━━ Records provided

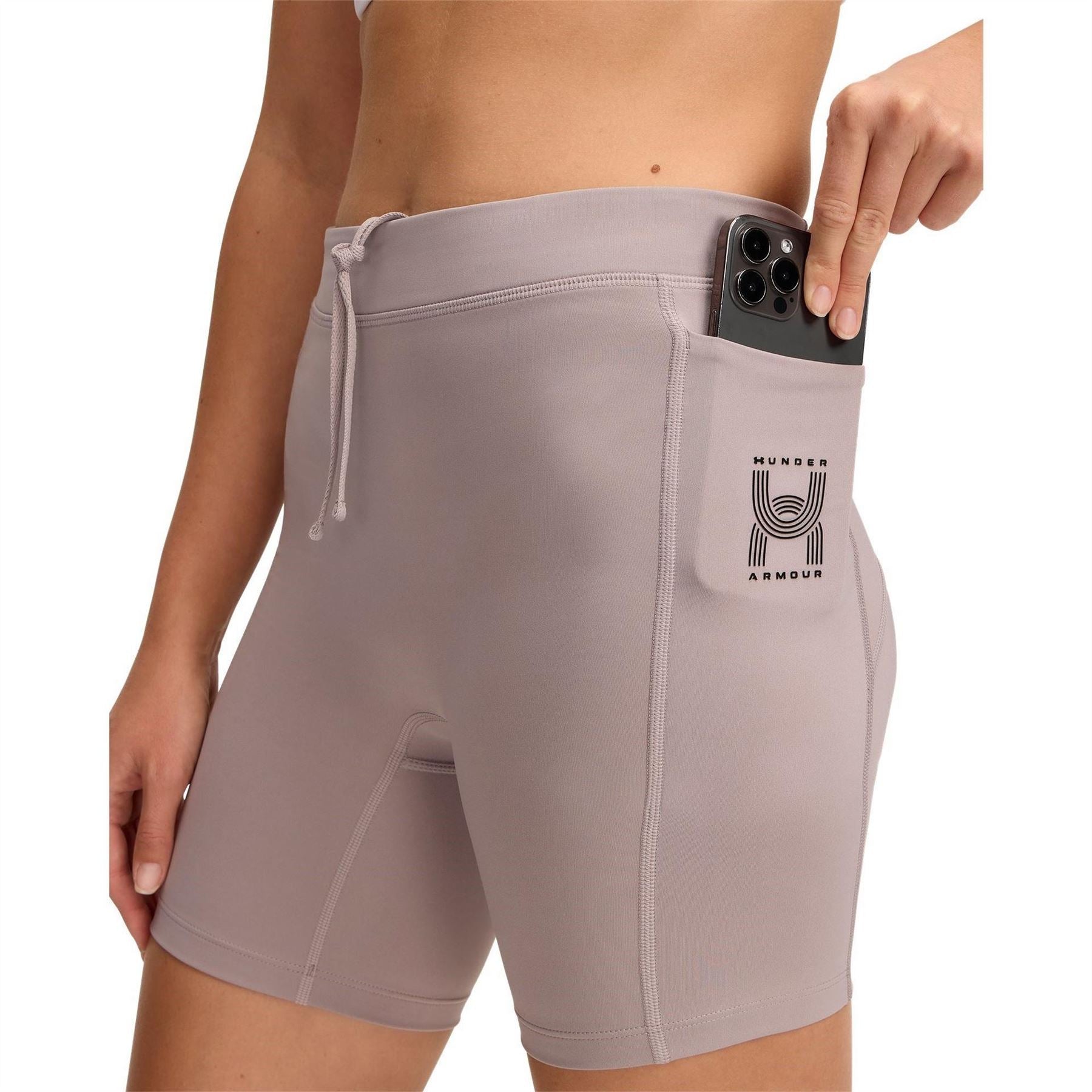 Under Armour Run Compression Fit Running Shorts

━━━━
━━ Records provided

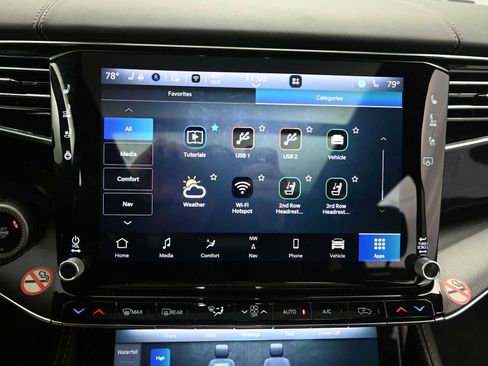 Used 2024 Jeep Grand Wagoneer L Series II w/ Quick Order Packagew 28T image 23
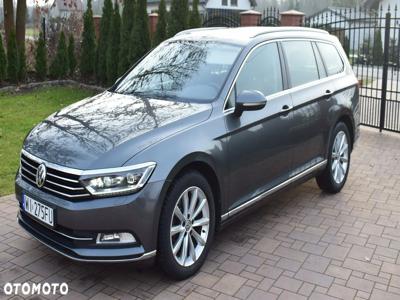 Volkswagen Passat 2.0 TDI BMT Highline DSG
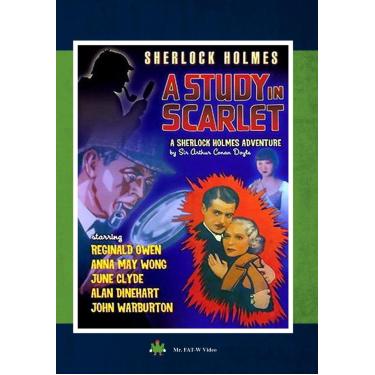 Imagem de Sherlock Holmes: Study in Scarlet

━━━━
━━ Records provided

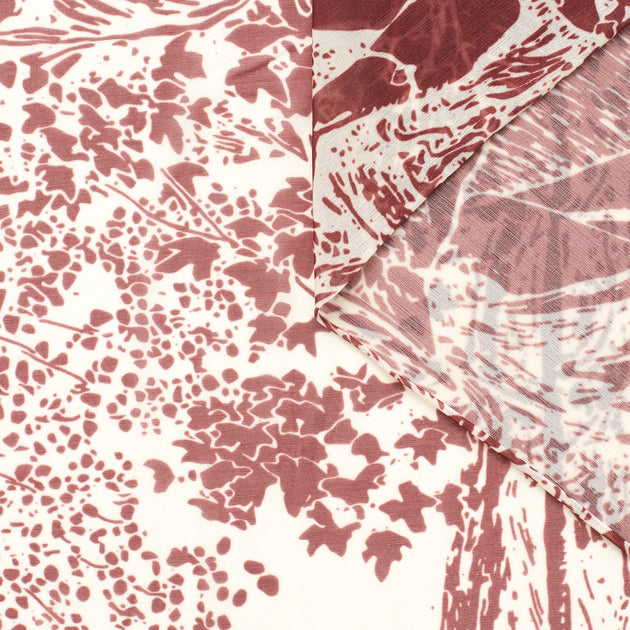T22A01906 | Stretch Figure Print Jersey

━━━━

## Task goal
The response must repeat exactly the lines above from the one with "Volkswagen Passat 2.0 TDI BMT Highline DSG" through the one with "Imagem de Sherlock Holmes: Study in Scarlet", including both, and must contain no pictures and no other text.

## Output of the exercise
 Volkswagen Passat 2.0 TDI BMT Highline DSG
 Imagem de Sherlock Holmes: Study in Scarlet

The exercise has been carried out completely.